All of this, however, is speculation. I and others will continue to dig into the issue... but let's be clear about one thing: test scores are not the only measure of the potentially pernicious effects of charter schools.

As I said previously in this debate: high quality research shows that charter schools have a negative effect on the budgets of their hosting schools. This makes sense, as charters are redundant systems of school administration, and do not allow districts to fully leverage economies of scale. In other words: when every charter school has its own high-paid superintendent and administrative staff, that's inefficient. And we have more and more evidence that is the price to be paid for "choice."

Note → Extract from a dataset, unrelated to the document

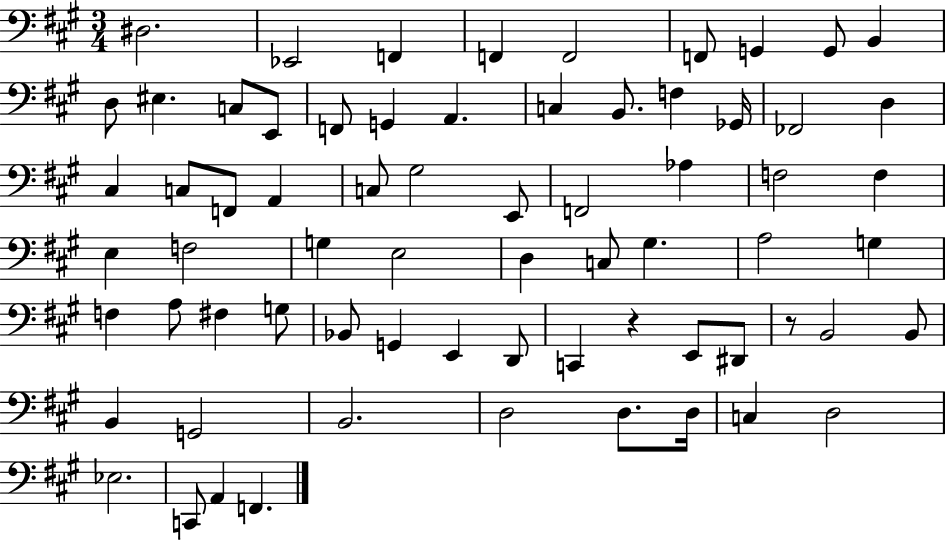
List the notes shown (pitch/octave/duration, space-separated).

I'd rather see money go into the classroom. I'd rather we cut back administration as much as possible, and put our funds into hiring the people who actually educate our children. Having multiple systems within a single community runs counter to that goal.

I am also very concerned "no excuses" charters are reinstalling a hidden curriculum of obedience within our schools that is only being foisted on students of particular races and socioeconomic classes. I've cited Pedro Noguera several times during this debate, and I'll do so again right now: we don't teach kids in the suburbs the way "no excuses" charters teach urban students of color. Chanting and marching and teacher tracking and rote repetition is not the type of education suburban parents seek for their children. Why, then, is it acceptable for children coming from segregated, economically disadvantaged communities?

This has consequences outside of the charter schools. When the public schools feel the pressure of charter "accountability" breathing down their necks, are they more likely to open up their curricula to exploratory and experiential learning, or narrow them with a focus on test prep? Are they more likely to have their youngest students marching through the halls, or will they instead give them extra time for play? Will they allow their teachers and principals to have the autonomy with accountability of professionals, or force them towards pre-scripted instructional methods that are "proven" to be "successful"?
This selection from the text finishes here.